The letters and words enclosed in angle brackets are usually called “tags”. They specify things like headings and paragraphs, links and pictures.

The web's creators took the opportunity to include specifications for font, size, emphasis, colour, page background and many other things specifying how a page is to look. A page can be made of nothing but pictures. But essentially even if a page doesn't appear to have a word of “text” visible it is still hypertext.


StyleSheets

Specifying fonts and layout directly in the page source becomes a bit of a nuisance. Suppose you use a bold font both for headings and emphasis, using the same tag for both means there is no easy way to have the computer make a list of headings. Now suppose you have hundreds of pages and decide you'd prefer the headings to be blue - that means editing all those pages.

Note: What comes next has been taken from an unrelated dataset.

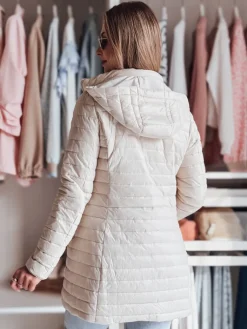 Kurtki Damskie>Dstreet Kurtka damska przejściowa dwustronna MOTOROMI biała TY4849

Separating out the semantics such as “<h2>” (heading) and “<em>” (emphasis) from presentation like “<b>” (for bold) has become an objective for web designers. If a heading will always start with an “<h>” tag then Cascading style Sheets can be used to specify the colour.


HyperText

Computers have dealt with text files for years. Wikipedia reckons the first use is in an advert for an RCA computer in 1950. “...the results of countless computations can be kept "on file" and taken out again. Such a "file" now exists in a "memory" tube developed at RCA Laboratories. ...”     Link    

The basic addition hypertext makes is that if there is a reference to another page, such as the one in the link above, you can click on it and go straight to another text. With older computer text mechanisms it would have been necessary to manually open a new file by giving its name - which if it was at all complicated would have meant either a feat of memory or writing it down.   Hypertext is at heart all about linking.   The pretty pictures and glossy magazine design ethos are later additions.


In Summary

Web pages involve three main things:

  • A language called Hyper Text Markup Language (HTML) which is basically about linking but extends to marking up page semantics and presentation.
  • Uniform Resource Locators (URLs) which provide a way to find other pages and items within them.
  • Hypertext Transport Protocol (HTTP) which is a way to get (and save) pages as needed.

For the most part web-site users don't need to know much about these things. They just point and click wherever there is a link and their browser does the rest.   Of course you do need to know a bit about how things work in order to create pages.   Pages with lots of design features tend to require quite a lot of knowledge - or some sort of application package that does most of the work for you.

However if you want to know how pages work look at the underlying text that is actually transmitted. Most browsers can make it visible. It may take some time to understand the more decorative pages but this one is relatively straight forward.